Abstract

Two-dimensional (2D) materials are drawing growing attention for next-generation electronics and optoelectronics owing to its atomic thickness and unique physical properties. One of the challenges posed by 2D materials is the large source/drain (S/D) series resistance due to their thinness, which may be resolved by thickening the source and drain regions. Recently explored lateral graphene-MoS₂1-3 and graphene-WS₂1,4 heterostructures shed light on resolving the mentioned issues owing to their superior ohmic contact behaviors. However, recently reported field-effect transistors (FETs) based on graphene-TMD heterostructures have only shown n-type characteristics.

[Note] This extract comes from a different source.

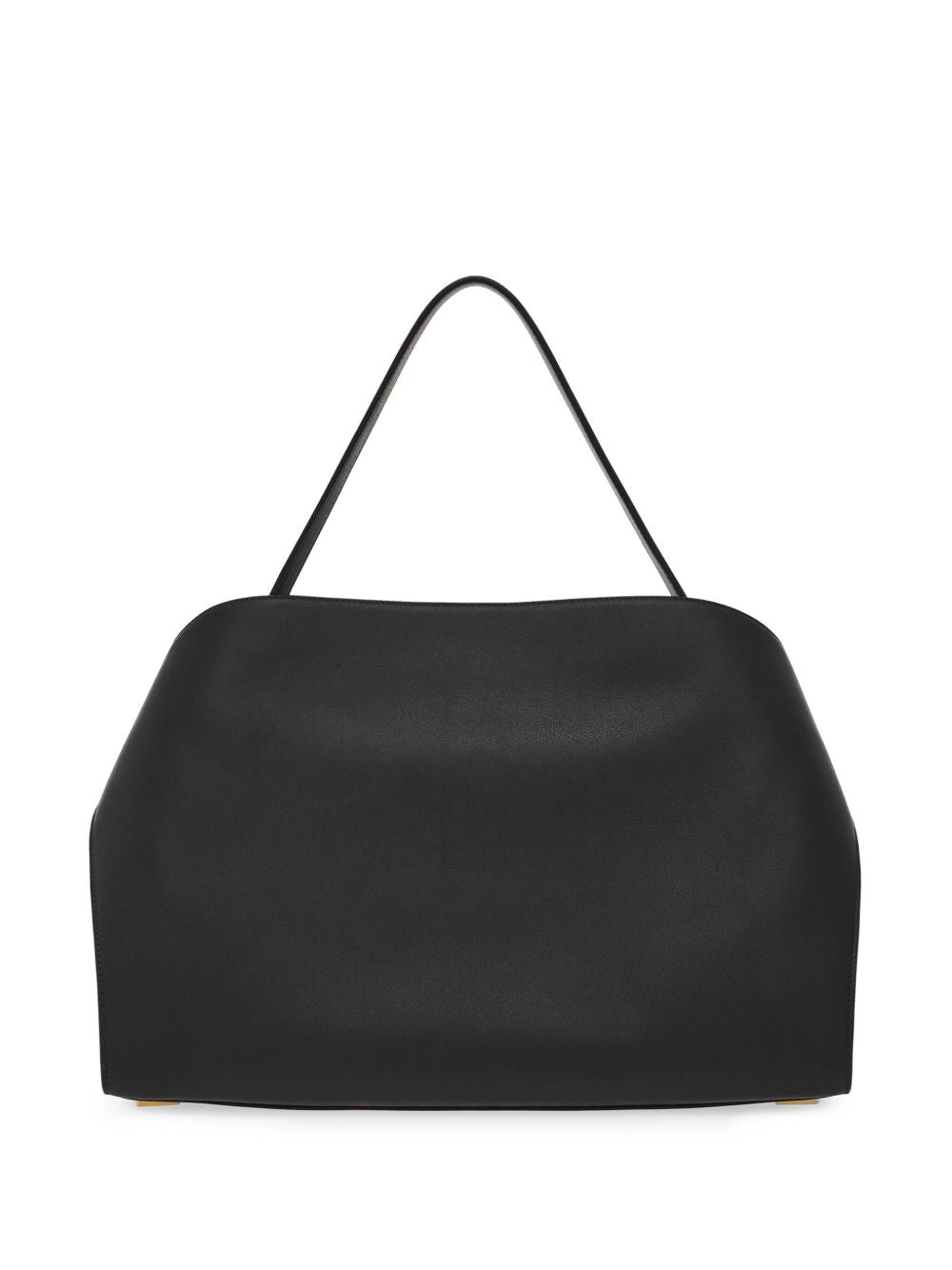 Ferragamo Hug Medium Leather Tote Black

The lack of p-type transistor limits their applications in complementary metal-oxide semiconductor electronics. In this work, we demonstrate p-type FETs based on graphene-WSe₂ lateral heterojunctions grown with the scalable CVD technique. Few-layer WSe₂ is overlapped with the multilayer graphene (MLG) at MLG-WSe₂ junctions such that the contact resistance is reduced. Importantly, the few-layer WSe₂ only forms at the junction region while the channel is still maintained as a WSe₂ monolayer for transistor operation. Furthermore, by imposing doping to graphene S/D, 2 orders of magnitude enhancement in I_on/I_off ratio to ∼10⁸ and the unipolar p-type characteristics are obtained regardless of the work function of the metal in ambient air condition. The MLG is proposed to serve as a 2D version of emerging raised source/drain approach in electronics.